#### Work to be completed:
Your copy runs from the line containing "Restaurant, & Jbird Coffee" through the last line of the listing, both included. Restate those lines word for word and leave out pictures.

(Beginning of Data for processing)

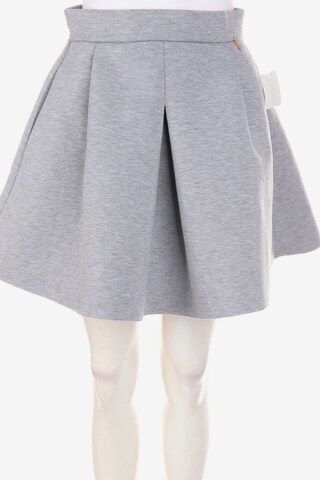 Venaton Skirt in S in Grey: front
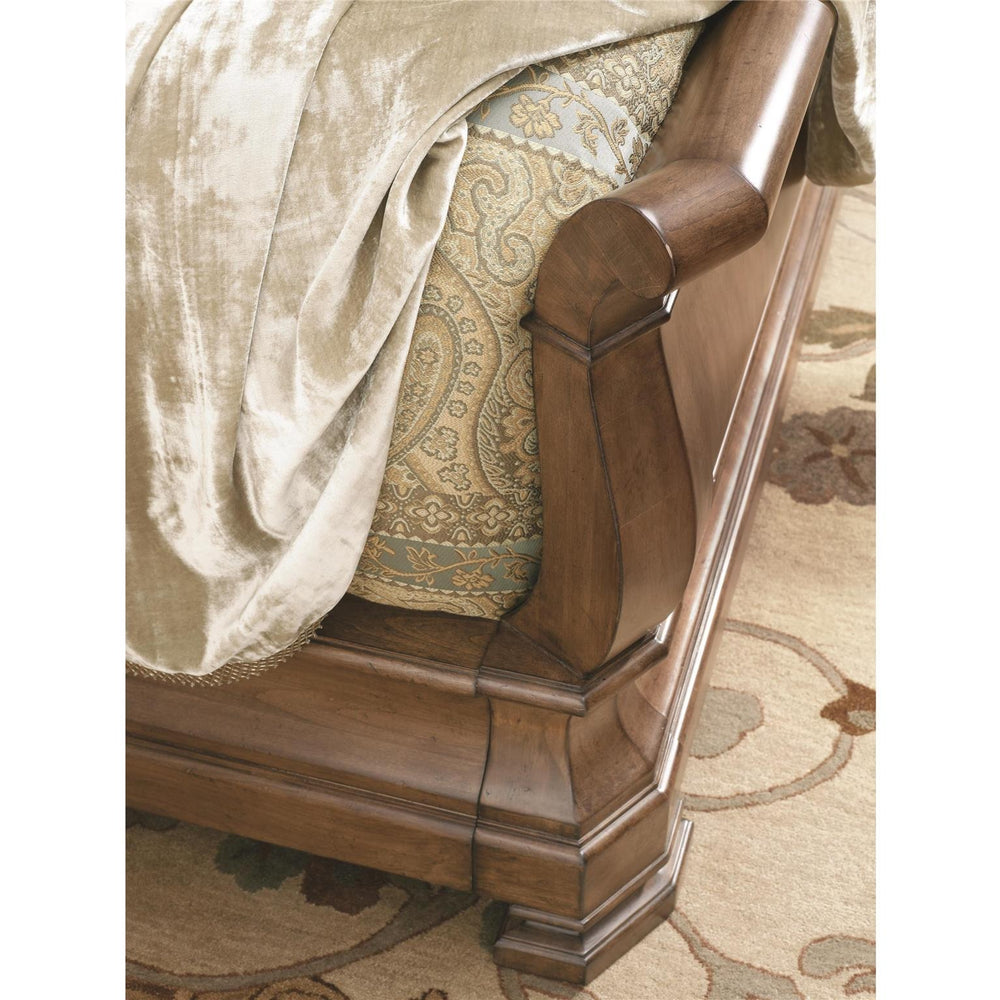 Louie P's Cal King Sleigh Bed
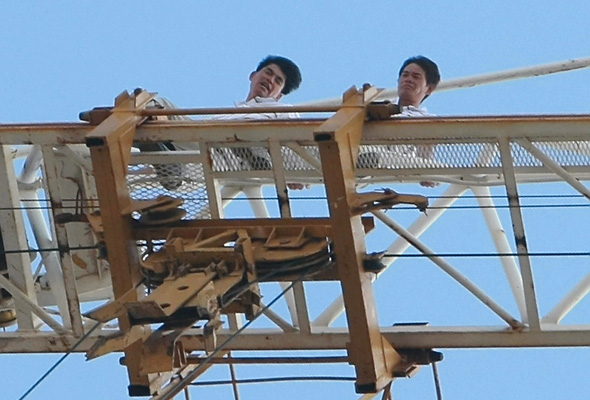 פועלים סינים על עגורן באתר בנייה בפתח תקווה. אוכלוסייה מוחלשת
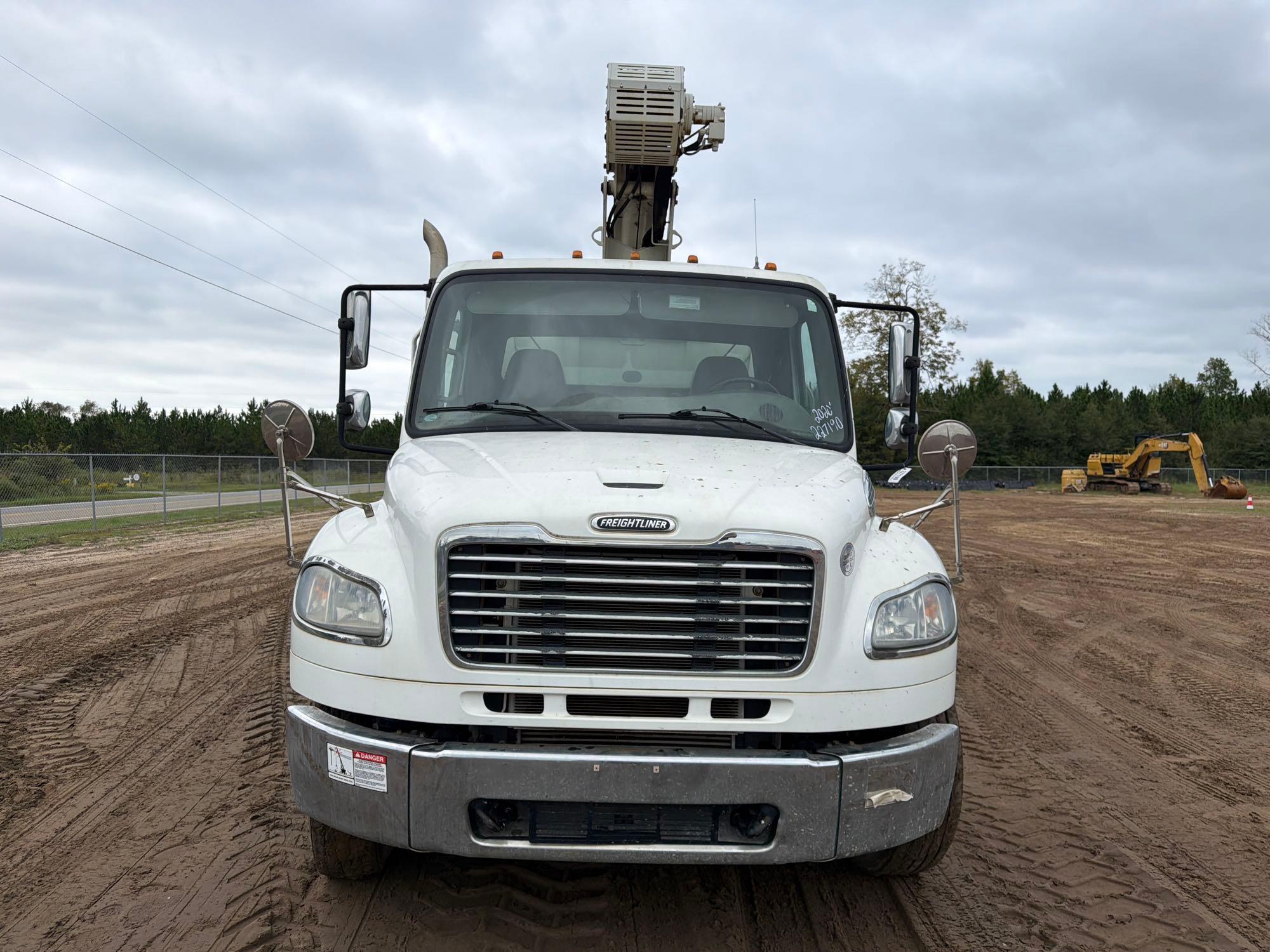 2020 Freightliner M2106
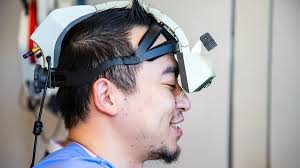 During our recent Spine Lab at the UCS Anatomy Learning Center, residents  practiced approaches for treating spinal disorders and tested an augmented  surgical navigation tool. This annual hands-on workshop is designed for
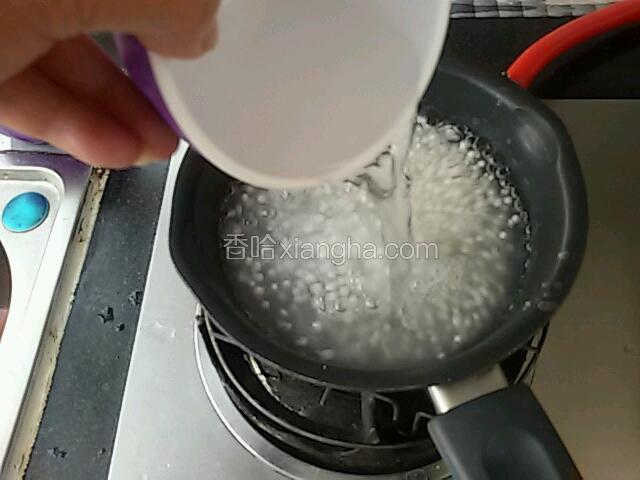 煮开，转小火继续煮，中间加三次凉水。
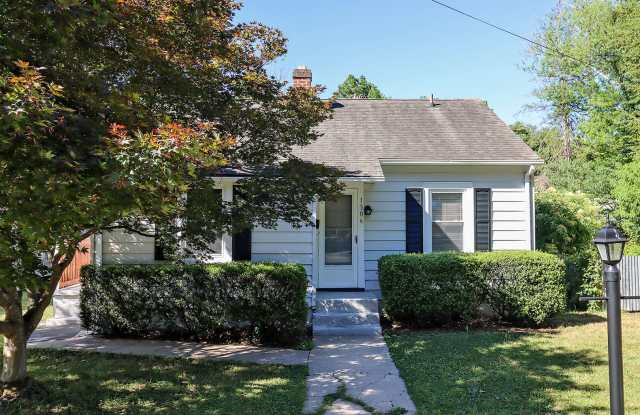 $500 Off 1st Month's Rent! Pet-Friendly Home Near Meade Park, Firefly Restaurant, & Jbird Coffee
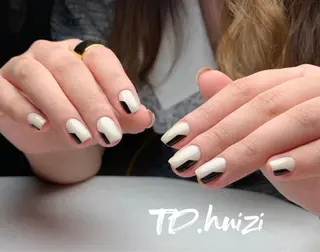 ミディアム めぐみのネイルサロン スタッフ練習のネイルデザイン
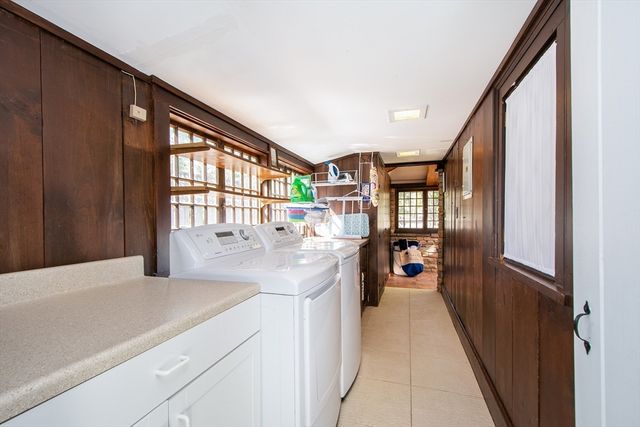 19 Hobart Lane, Cohasset, MA 02025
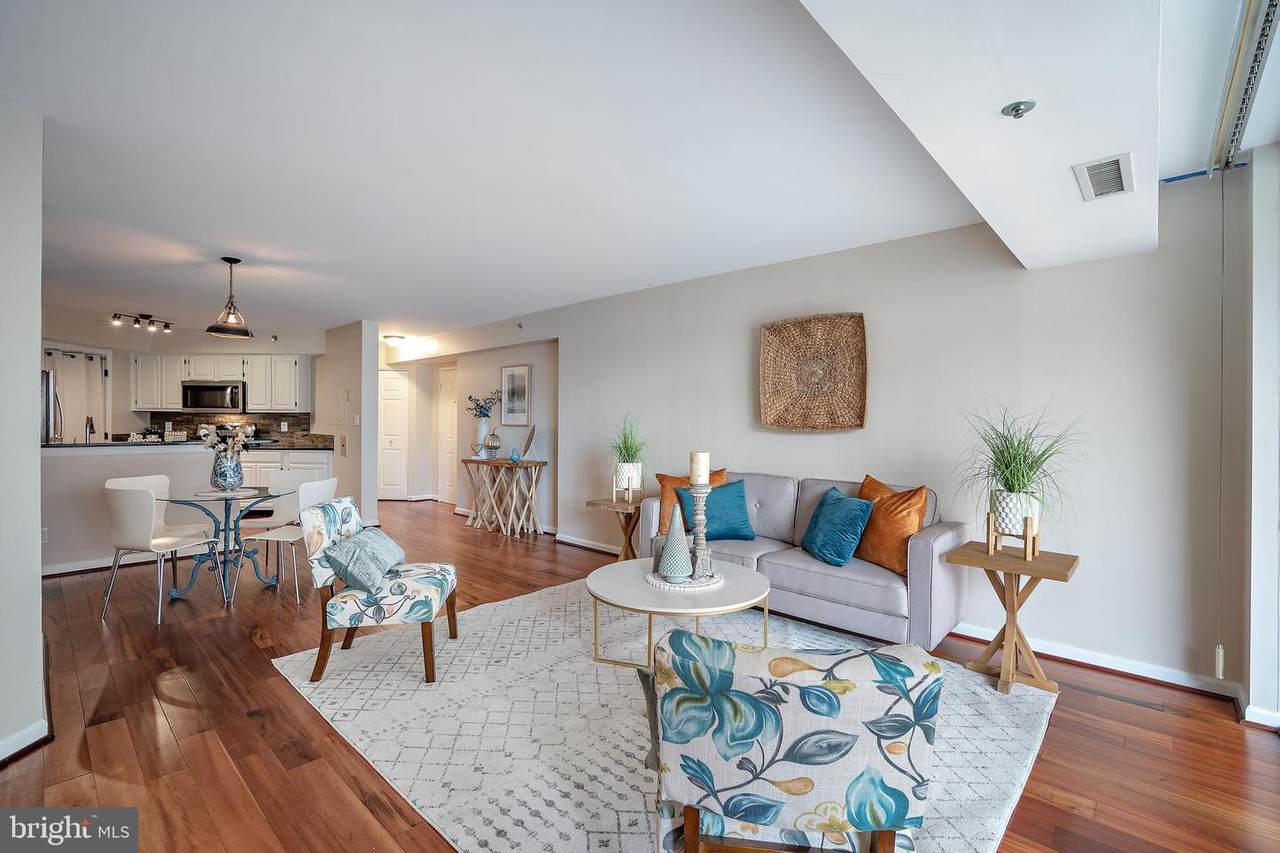 1200 Braddock Place - Photo 1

(End of Data for processing)

#### Output below:
 $500 Off 1st Month's Rent! Pet-Friendly Home Near Meade Park, Firefly Restaurant, & Jbird Coffee
 ミディアム めぐみのネイルサロン スタッフ練習のネイルデザイン
 19 Hobart Lane, Cohasset, MA 02025
 1200 Braddock Place - Photo 1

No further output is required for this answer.